Also, there's a meta exploit to the whole thing where a good question on a SE
site didn't get closed or deleted as off topic or inappropriate for the site.
Thats the most amazing thing about the whole discussion.

------
Double_Cast
Back to the old punch tape:

 _A computer is like a robot, controlled by a roll of toilet-paper covered in
stickers. The pattern of stickers controls the robot. You can 't put more than
one sticker in a single square.

Let's say I buy a house-keeping robot. The manufacturers left 64 consecutive
squares of toilet-paper blank. The manual says I can specify which parts of
the house I want cleaned by filling in the blanks with stickers.

If I add more than 64 stickers, this means I covered-up some of the stickers
the manufacturers put on. This causes the robot to malfunction. This is called
an overflow. If I know the language the stickers are written in, I can
intentionally overflow the robot to act in (potentially evil) ways that have
nothing to do with cleaning._

------
api_or_ipa
The top rated answer is extremely complicated.

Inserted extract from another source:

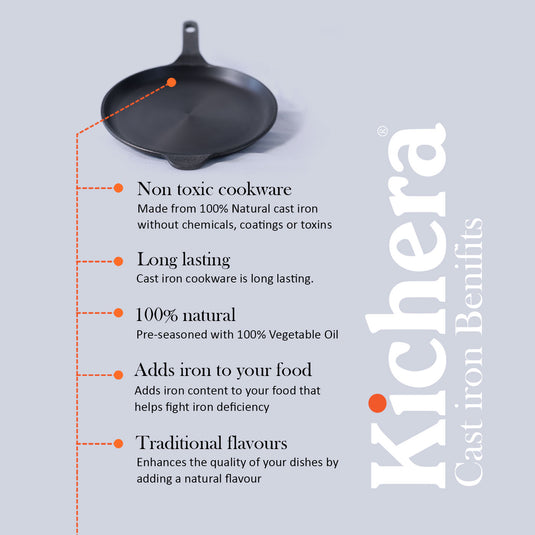 Kichera Cast Iron Lunch Combo | 10” Round Kadai & 10” Shallow Fry Pan + Free Tadka Pan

Real life examples that are considerably easier to understand exist.

However, the easiest way to show a user the problem is to demonstrate the use
of the "insert" key on any keyboard. Instead of adding characters, it'll write
over existing characters.

I think most users should know about the dreaded insert key from accidentally
pressing it. If not, you might need to sit them in front of a computer.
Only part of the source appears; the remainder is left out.